### PROBLEM DESCRIPTION
Nothing but the lines from the one including "Diamond painting DIY" through the last line of the entries, restated exactly, should appear in the answer; omit the pictures.

(Beginning of THE DATA)

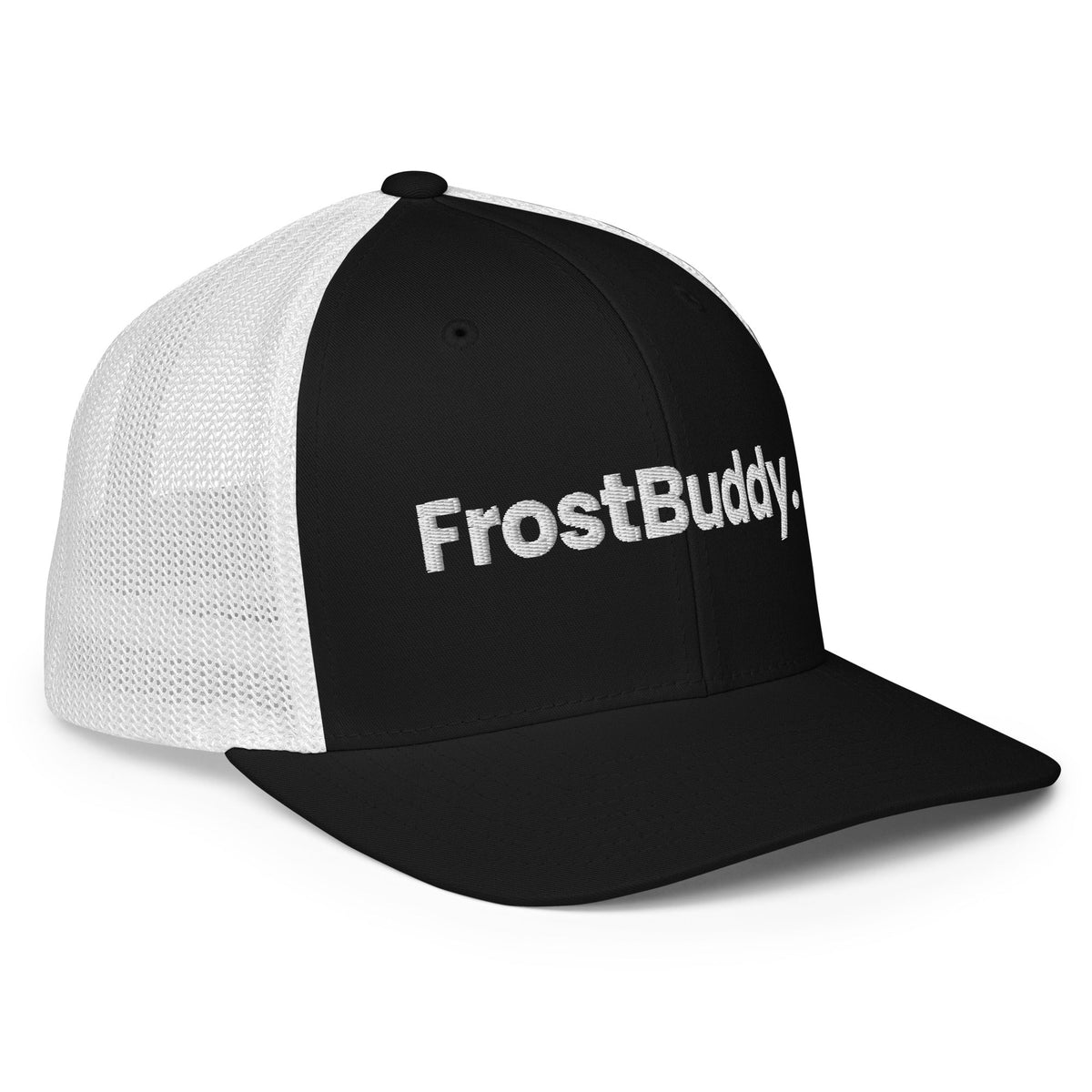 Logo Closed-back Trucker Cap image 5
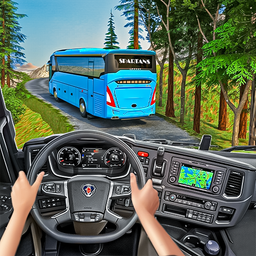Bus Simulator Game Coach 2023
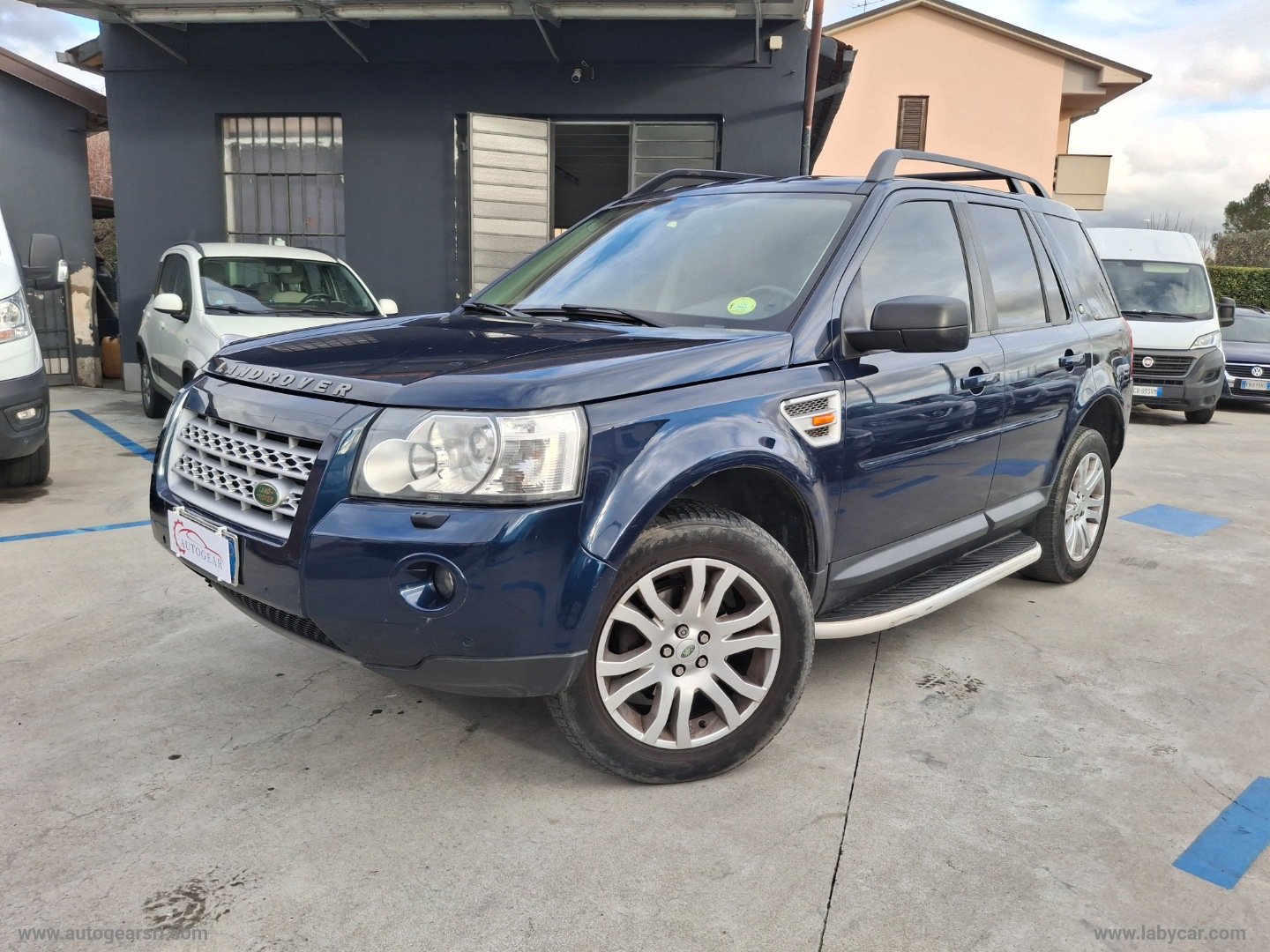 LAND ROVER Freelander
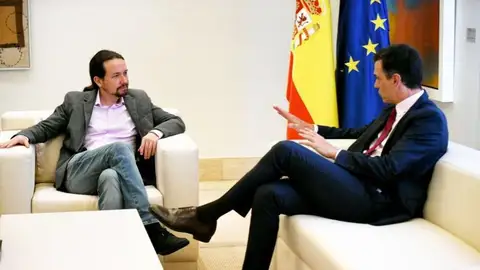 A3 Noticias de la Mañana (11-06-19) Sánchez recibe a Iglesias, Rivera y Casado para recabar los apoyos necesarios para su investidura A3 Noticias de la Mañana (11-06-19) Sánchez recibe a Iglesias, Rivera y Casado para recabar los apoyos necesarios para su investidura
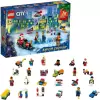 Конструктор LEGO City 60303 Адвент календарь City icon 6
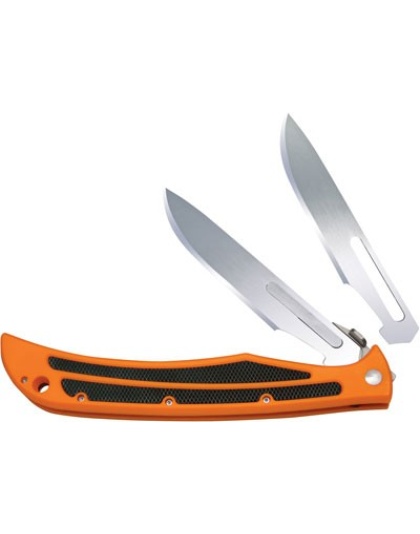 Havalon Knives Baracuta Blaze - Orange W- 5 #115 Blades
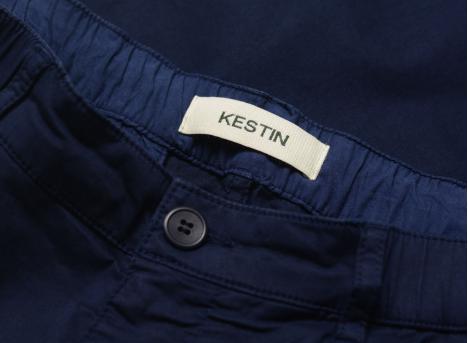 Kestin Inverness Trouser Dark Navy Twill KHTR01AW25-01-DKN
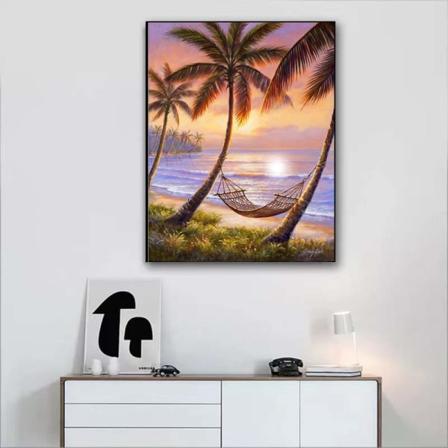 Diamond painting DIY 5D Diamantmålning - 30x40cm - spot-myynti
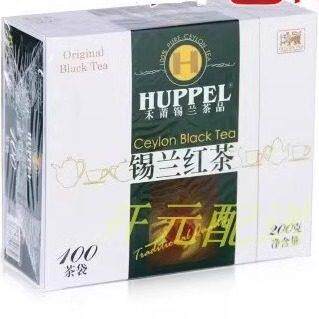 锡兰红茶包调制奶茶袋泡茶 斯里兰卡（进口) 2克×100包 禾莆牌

(End of THE DATA)

### RESULT OF THIS EXERCISE
 Diamond painting DIY 5D Diamantmålning - 30x40cm - spot-myynti
 锡兰红茶包调制奶茶袋泡茶 斯里兰卡（进口) 2克×100包 禾莆牌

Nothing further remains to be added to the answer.